ABOUT THIS TASK: Your answer is the line containing "Modern 3 Ring" plus every line after it through the end of the records, printed exactly and free of pictures.

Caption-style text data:
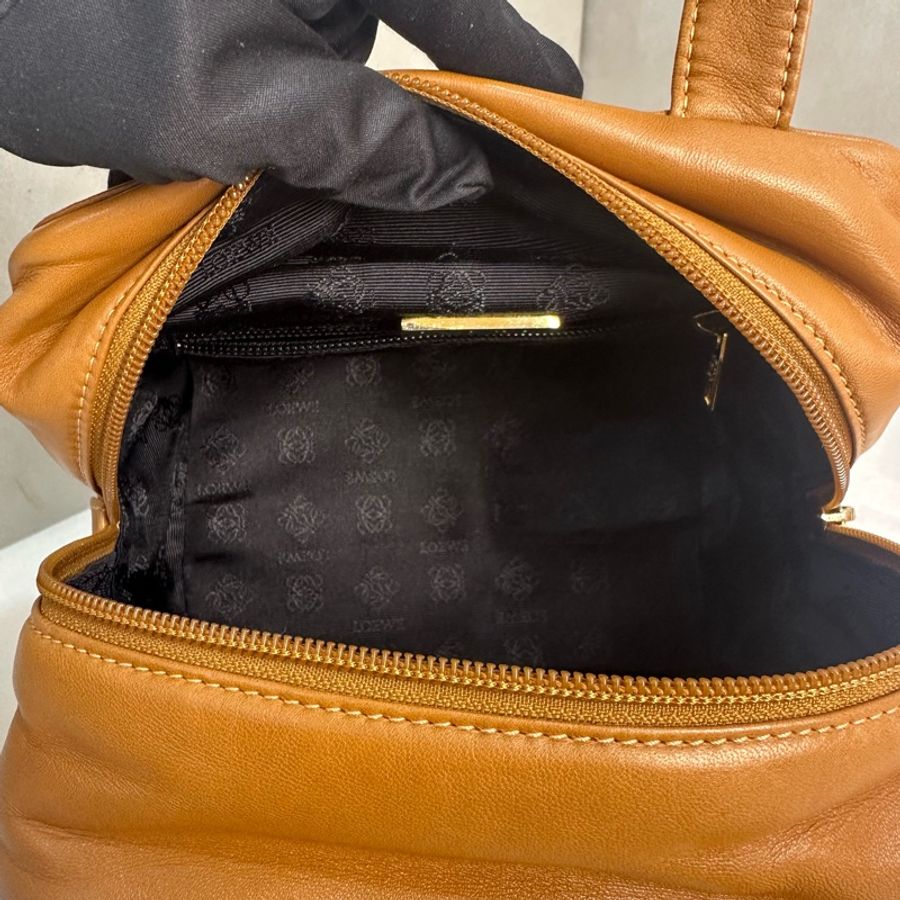 LOEWE 中古焦糖色手提方形便當包-13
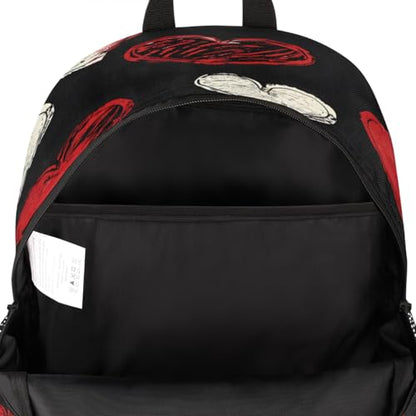 Black Red Hearts Laptop Backpack for Women Men, 18.3 Inch Travel Work Backpacks, Hearts Romantic Waterproof Computer Casual Daypack Nurse Teacher Bags - color: Multicolor 3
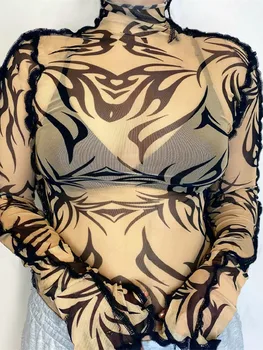 Y2k Kadınlar İçin Tam Kollu Grafik T Shirt Moda Estetik Elbise Balıkçı Yaka See Through Seksi Kadın Tişörtleri Egirl Tees
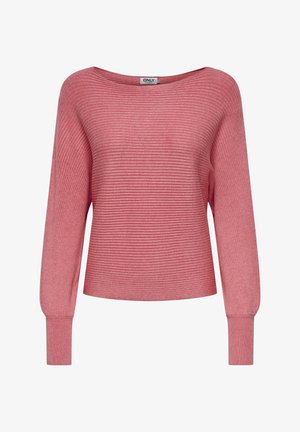 Roza pulover z rebrasto tkanino, širokim izrezom v obliki ladijskega ovratnika in dolgimi rokavi. Mehka tekstura in sproščen kroj z izrazitimi vodoravnimi črtami.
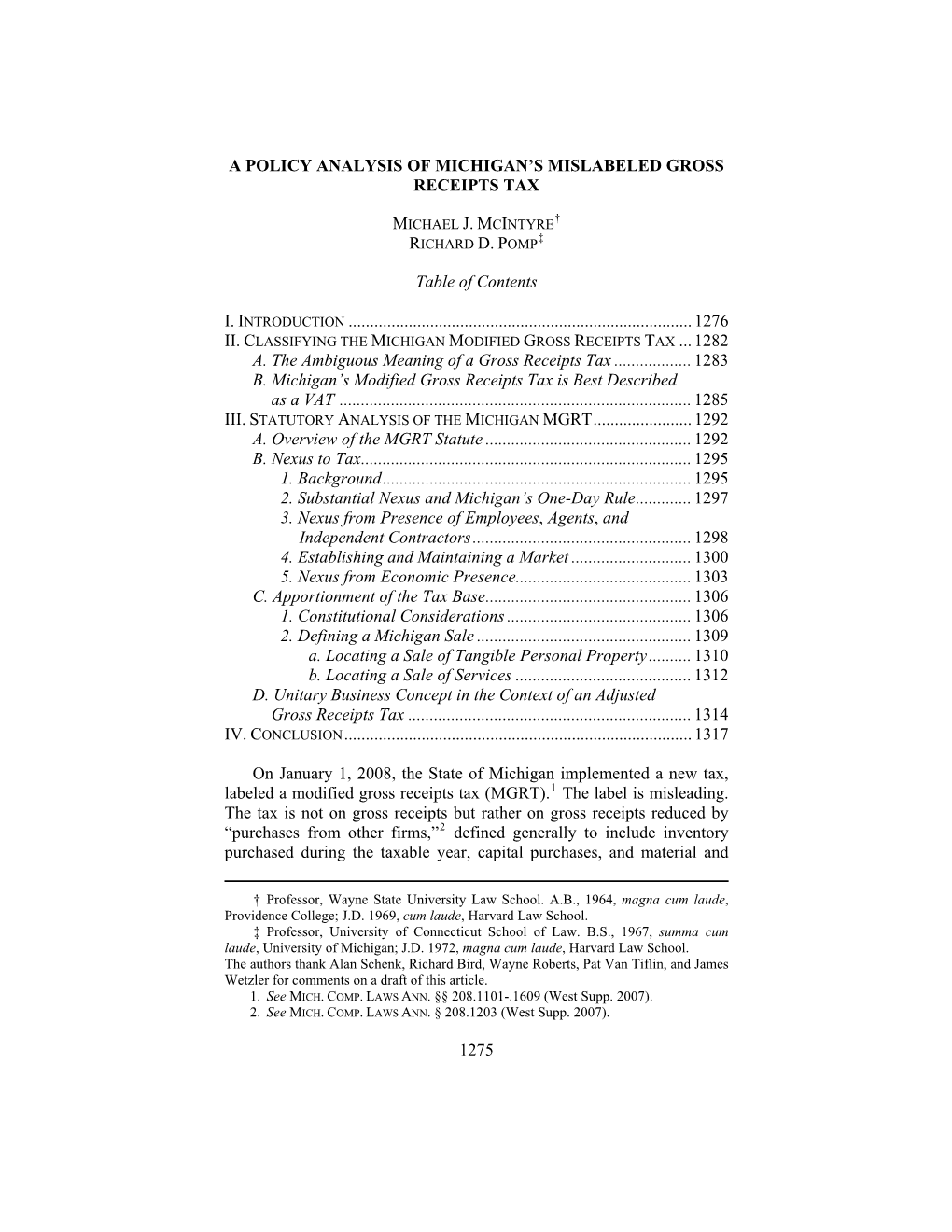 A Policy Analysis of Michigan's Mislabeled Gross Receipts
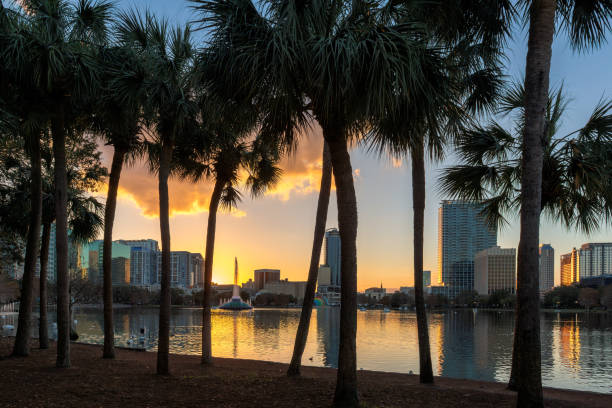 istock Orlando city skyline at sunset, Florida 2168268024
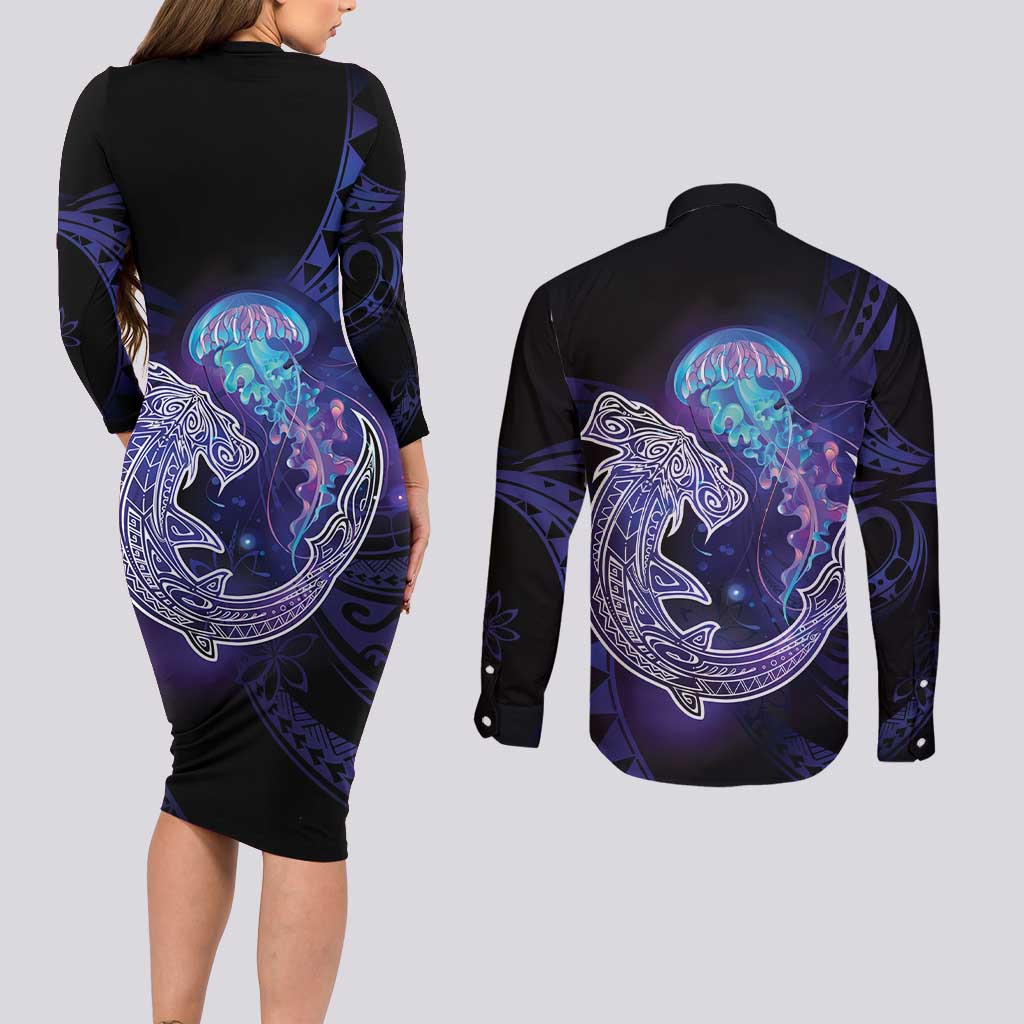 Polynesian Aumakua Couples Matching Long Sleeve Bodycon Dress and Long Sleeve Button Shirt Jellyfish with Shark LT7 - Polynesian Pride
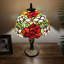 Lampe de table Linslade Tiffany avec vitrail orange rouge et fleurs à DEL avec ampoule incluse l 12 po x P 12 po x H 19 po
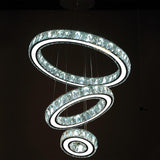 Modern 3 Ring LED Crystal Chandelier Silver Electroplated Pendant Light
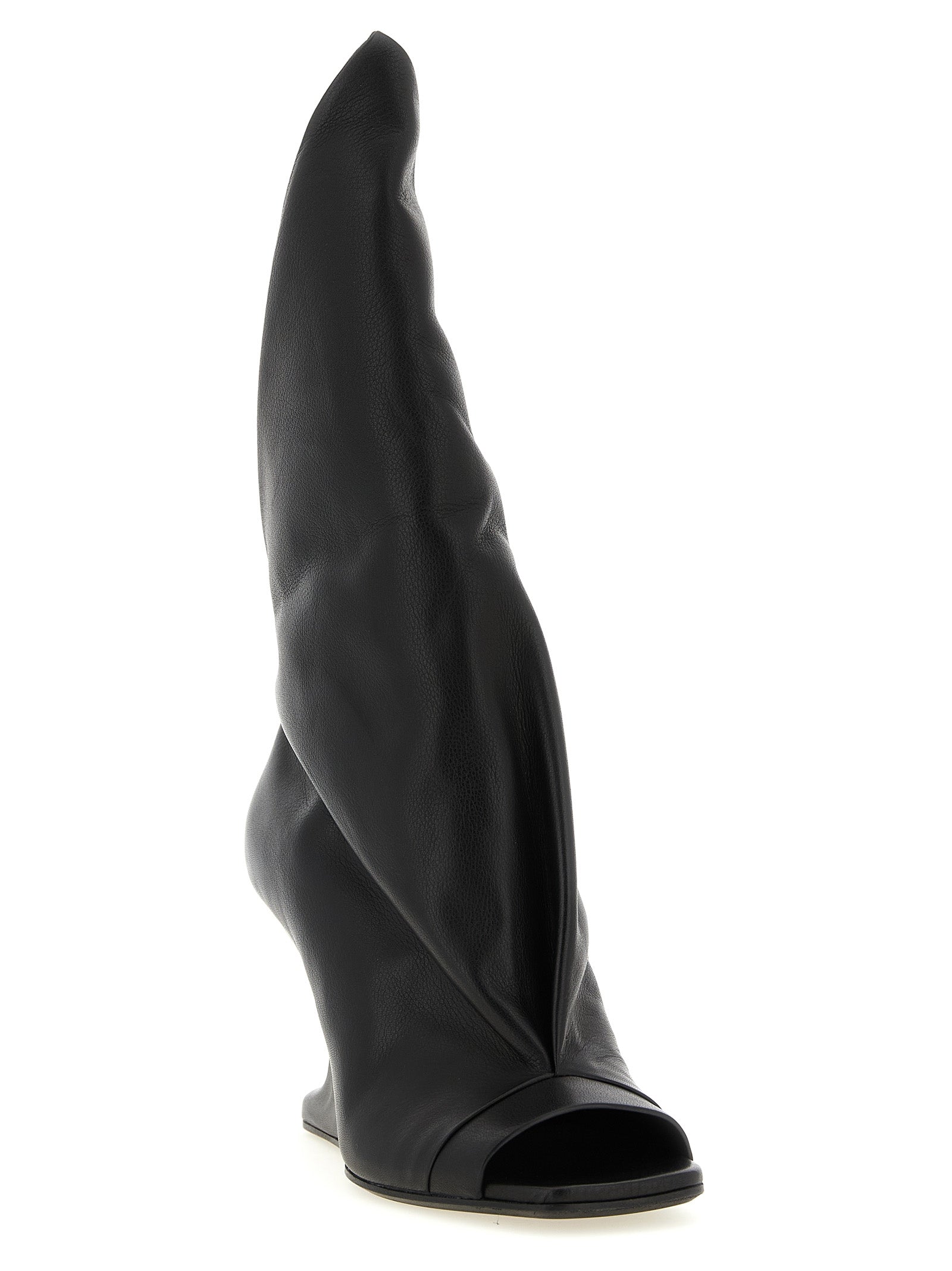 Rick Owens Black Calfskin Stiletto Heel Sandals
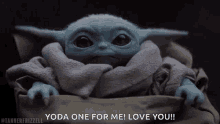 Baby Yoda Yoda One For Me GIF - Baby Yoda Yoda One For Me Love You GIFs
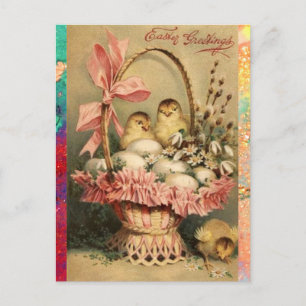 CARTES POUR FÊTES ANNUELLES PANIER ÉLÉGANT, POULET, FLEURS ET OEUFS DE PÂQUES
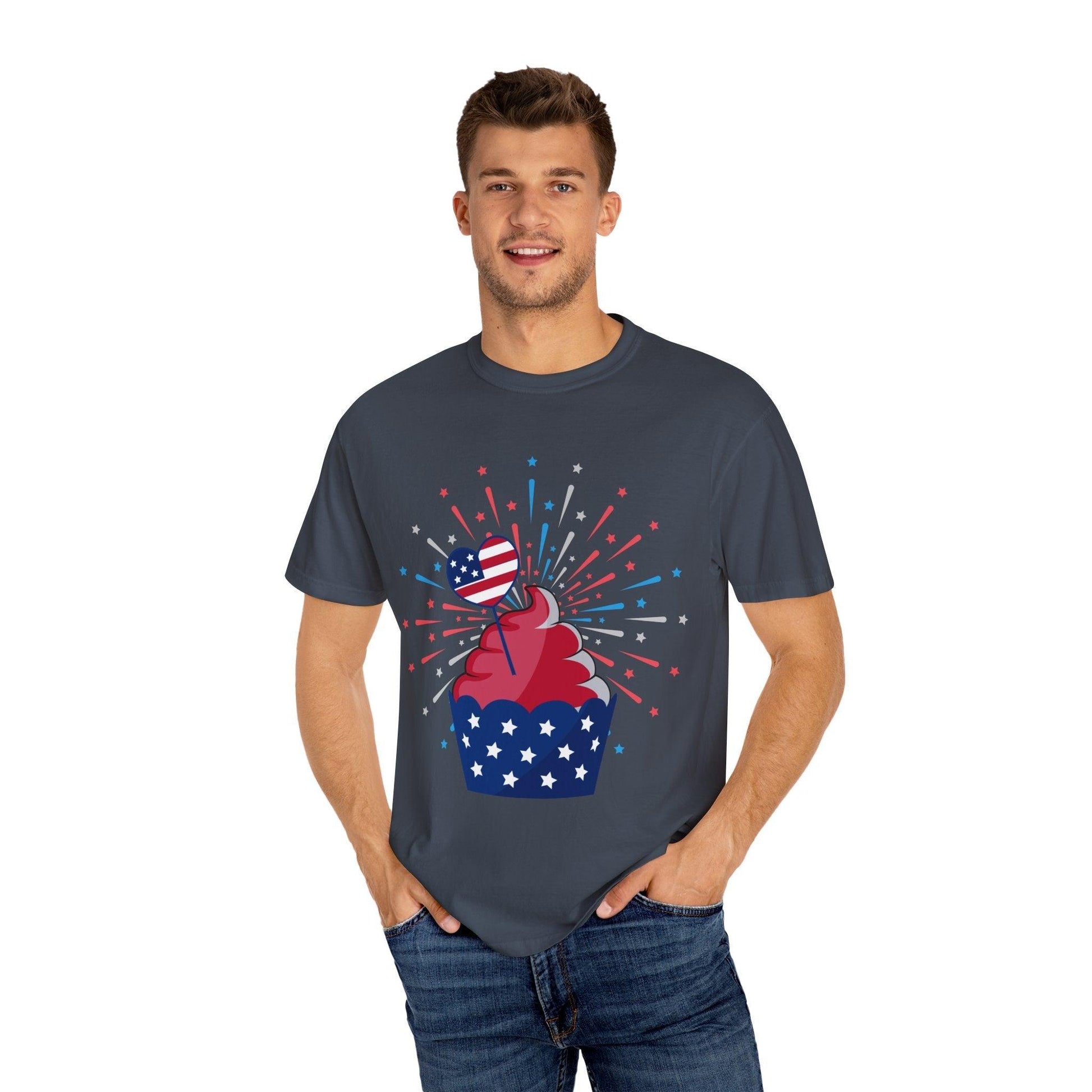 July 4th Cupcake Unisex Garment-Dyed T-shirt - Lizard Vigilante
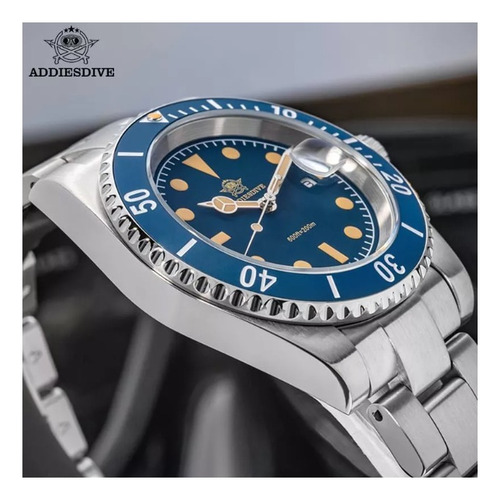 Reloj Addiesdive Ad2054 Hombre Plateado Desplegable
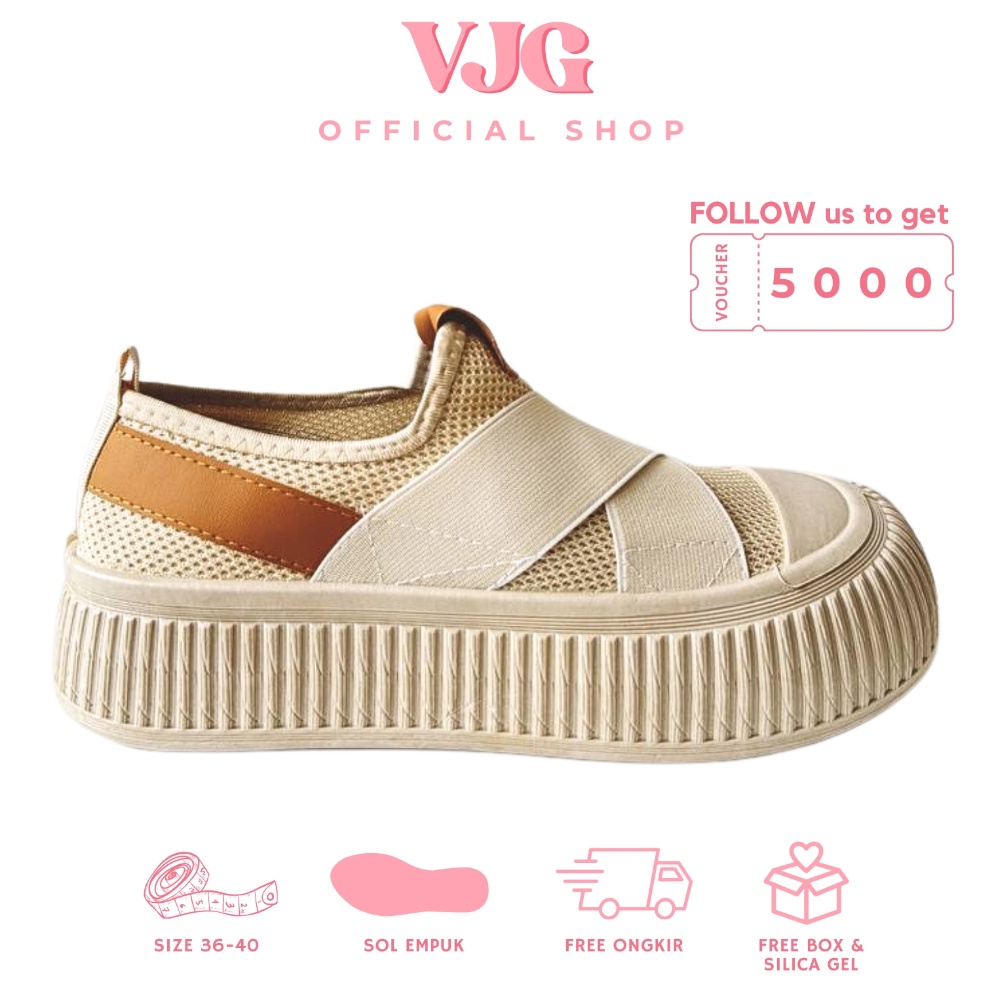 LANGSUNGORDER VJG  Chaewon Sepatu Wanita Slip On Casual  Sepatu Hitam Wanita  Sepatu Putih Wanita  S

SOLUTION FOR THIS EXERCISE:
 Modern 3 Ring LED Crystal Chandelier Silver Electroplated Pendant Light
 Rick Owens Black Calfskin Stiletto Heel Sandals
 Baby Yoda Yoda One For Me GIF - Baby Yoda Yoda One For Me Love You GIFs
 CARTES POUR FÊTES ANNUELLES PANIER ÉLÉGANT, POULET, FLEURS ET OEUFS DE PÂQUES
 July 4th Cupcake Unisex Garment-Dyed T-shirt - Lizard Vigilante
 Reloj Addiesdive Ad2054 Hombre Plateado Desplegable
 LANGSUNGORDER VJG  Chaewon Sepatu Wanita Slip On Casual  Sepatu Hitam Wanita  Sepatu Putih Wanita  S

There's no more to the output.